**DATASET EXTRACT**
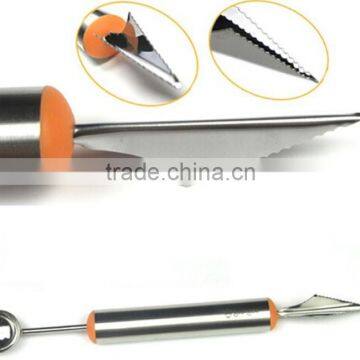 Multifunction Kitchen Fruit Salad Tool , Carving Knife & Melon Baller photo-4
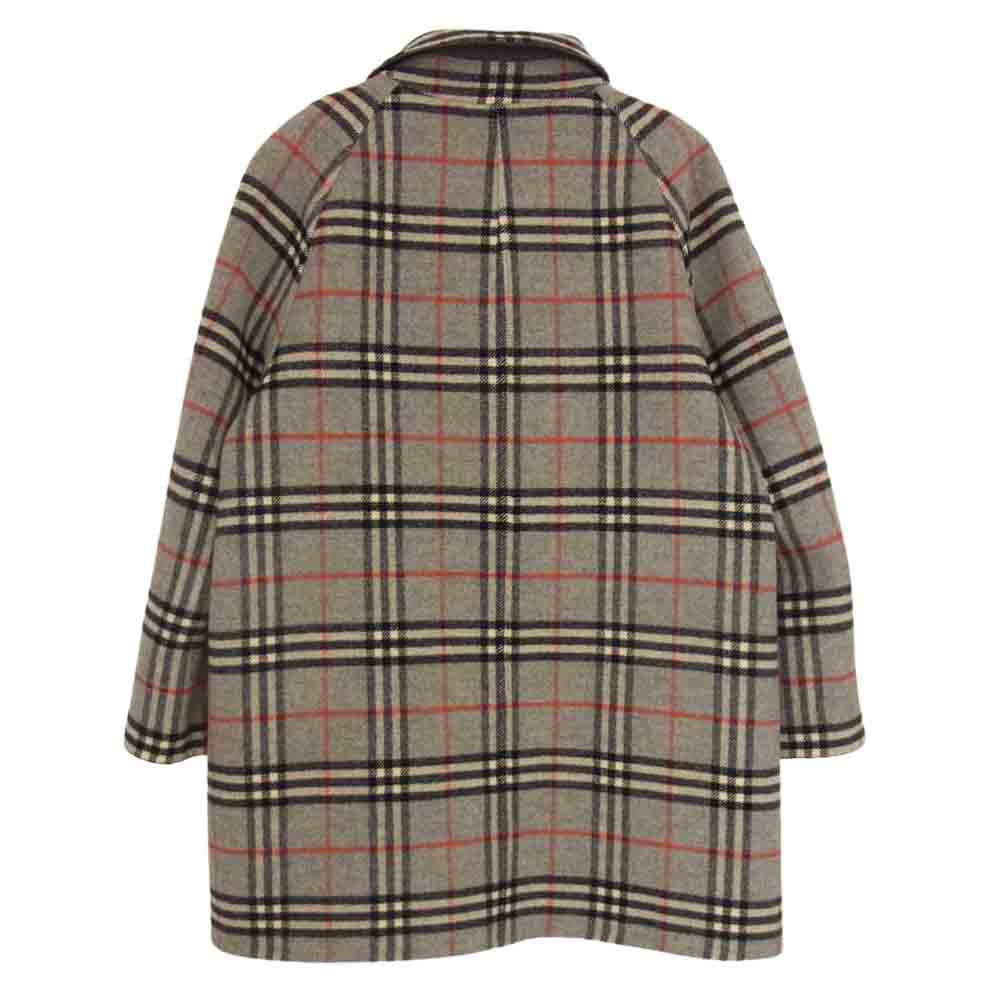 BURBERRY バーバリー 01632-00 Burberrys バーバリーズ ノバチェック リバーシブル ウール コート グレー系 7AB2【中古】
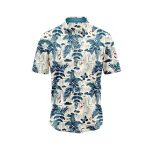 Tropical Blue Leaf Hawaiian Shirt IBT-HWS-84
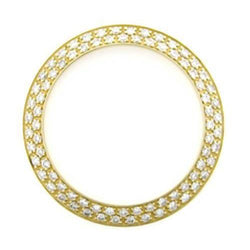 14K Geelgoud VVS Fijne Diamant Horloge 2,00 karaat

**WHAT THE TASK ASKS**
With the pictures left out, return all the material above exactly.

**OUTPUT BELOW**
 Multifunction Kitchen Fruit Salad Tool , Carving Knife & Melon Baller photo-4
 BURBERRY バーバリー 01632-00 Burberrys バーバリーズ ノバチェック リバーシブル ウール コート グレー系 7AB2【中古】
 Tropical Blue Leaf Hawaiian Shirt IBT-HWS-84
 14K Geelgoud VVS Fijne Diamant Horloge 2,00 karaat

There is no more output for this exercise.